Ainsi divers partis ont pris position soit en faveur du prince Stanley Raphaël ou du prince Bulelani comme le très monarchiste (comme son nom ne l'indique pas) Mthwakazi Republic Party(MRP) dirigé par Mqondisi Moyo ou la Patriotic Alliance of Mthwakazi Unions (PAMU) qui réclament l’indépendance des Ndébélés. Une balkanisation du pays qui vit une crise d’identité et qui a aboutit au renversement du père de la nation lors d’un putsch en novembre 2017. Prévu en mars dernier, le couronnement a divisé le Conseil royal qui s’est déchiré devant les tribunaux. Chaque prétendant tentant d’empêcher l’autre de ceindre la couronne. Après une décennie d’annonces en tout genre, parfois ubuesques comme celle où la maison royale a demandé à l’ancien président de rendre les clefs de son palais, le prince Bulelani a finalement été choisi. Sans que la crise de succession ne soit terminée pour autant. En février, le prince Steve Zwide Lobengula II s’est aussi couronné roi des Ndébélés irritant prince Stanley Raphaël Khumalo , qui avait lui-même aussi fait son couronnement personnel un an auparavant devant ses partisans , prenant le nom de Mzilikazi II.

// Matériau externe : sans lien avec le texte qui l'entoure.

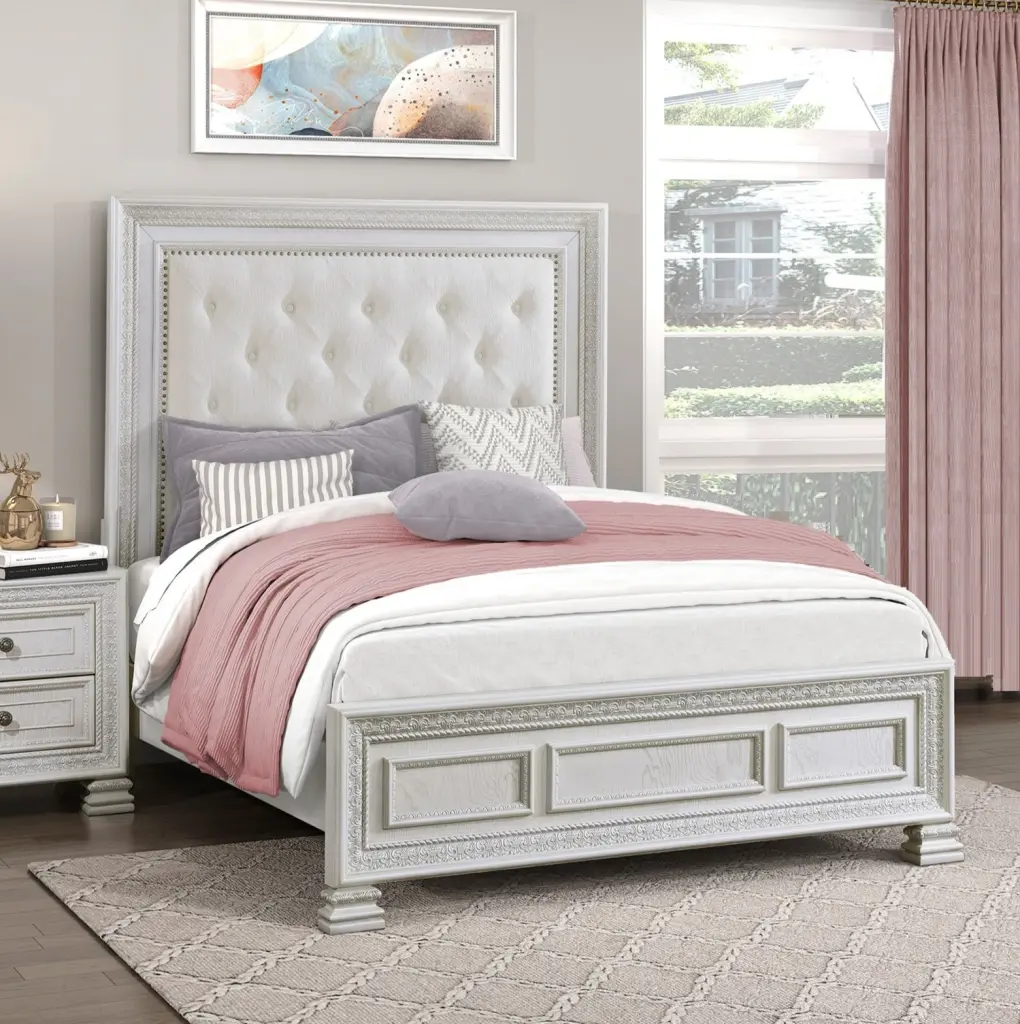 Classic Premium Pearl White Finish Queen Bed Button Tufted Upholstered kanepe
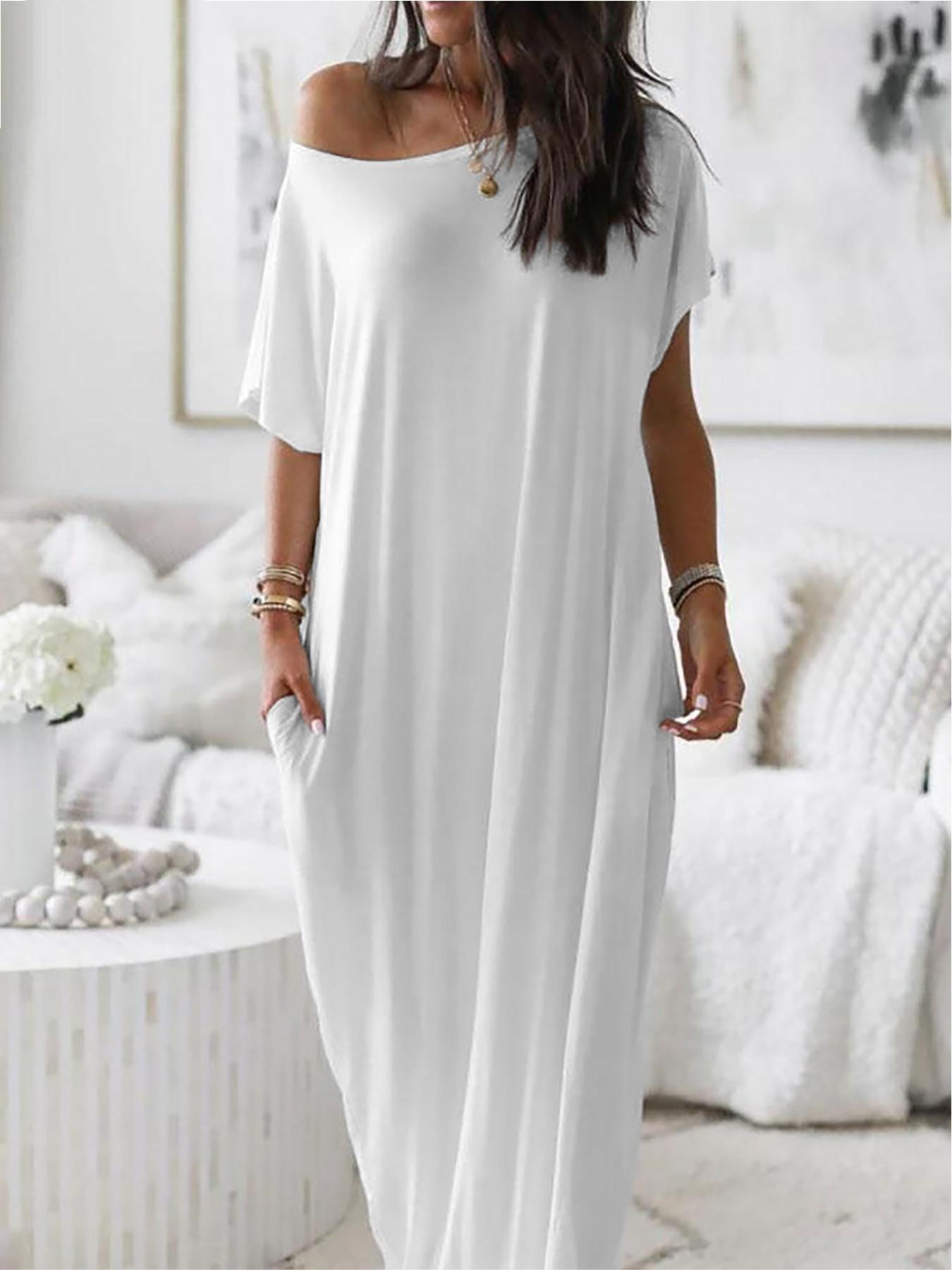 2026 Women's Solid Color Casual Loose Batwing Sleeve Loungewear Homewear Dress, Comfortable Daily Wearing Nightdress, Versatile Ladies' Sleepwear for All Seasons
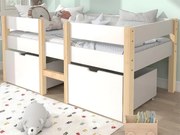 Łóżko średniej wysokości z 2 dużymi szufladami - 90 x 200 cm - drewno sosnowe - stelaż z listew - kolory: biały i dąb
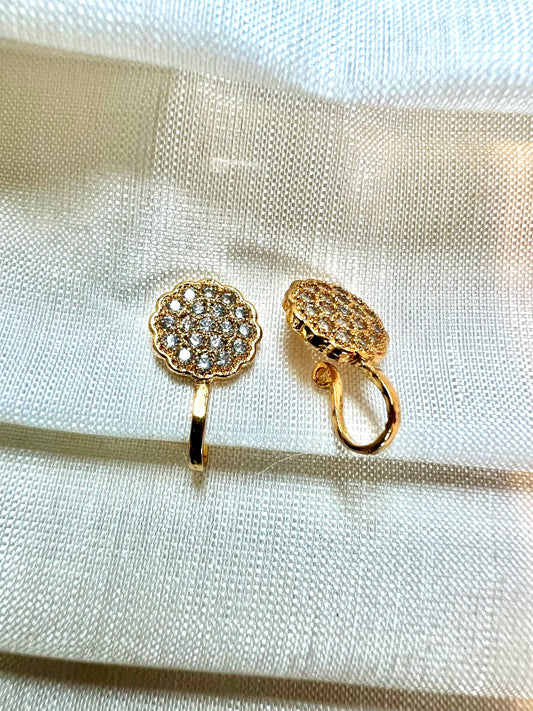 Cz stoned round press in nosering gold plated NR3041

Agacé lui-même par toutes ces tergiversations autour d’une monarchie qu’il n’entend pas reconnaître, le gouvernement zimbabwéen a dû intervenir plus d’une fois pour séparer les clans respectifs comme en novembre dernier où les partisans des « rois » se sont affrontés à la machette et à la sagaie. Ou encore en mars 2018. Doté d’un drapeau royal, les Ndébélés réclament la restauration de leur monarchie, un véritable état séparé du reste du Zimbabwe. Une sécession inacceptable selon celui qui a été le ministre de l’intérieur, Obert Mpofu, jusqu’en septembre dernier qui tentait de minimiser la portée de ces revendications. Il avait averti la maison royale, cette famille juste soutenue « par quelques chefs traditionnellement et essentiellement dans le Nord du Matabeland » à ne « pas pousser trop loin le bouchon » ni de tenter « d’'ignorer les lois constitutionnelles » actuellement en vigueur.

Le roi Bulelani Lobegula IIUn avertissement dont n’ont pas tenu compte les membres du Conseil royal. Le 1er octobre dans l’indifférence des médias, qui ne voient l’Afrique que par le seul prisme des plages, safaris teintés de massacres ethniques sur fond de coup d’états militaires, la monarchie des Ndébélés a été restaurée. Le Zimbabwe se retrouve donc subitement avec un président, Emmerson Mnangagwa, élu dans des circonstances controversées, et un monarque (ou plusieurs) sans pouvoirs mais qui affirme régner de droit sur sa nation.

Le nouveau ministre de l’intérieur, July Moyo, a déclaré à la presse que cet événement « n’était que culturel et sans importance aux yeux de la présidence » rappelant « que l’actuelle constitution ne reconnaissait ni rois ni reines dans le pays mais uniquement de simples chefs traditionnels ou de kraals (villages) ». Convoqués en urgence par ailleurs pour s’expliquer sur le couronne d'un...étranger. Pour le chef Felix Nhlanhlayemangwe Khayisa Ndiweni, le sacre du nouveau souverain des Ndébélé est bien plus qu’une cérémonie folklorique. Désormais, le Zimbabwe a une nouvelle monarchie et un roi, Lobengula II, qui règne sur les 5 branches de la maison royale des Khumalo.

Et peu importe que la haute cour de justice viennent de décider de destituer le souverain, désormais réfugié en Afrique du Sud où il vit, 48 heures après son intronisation.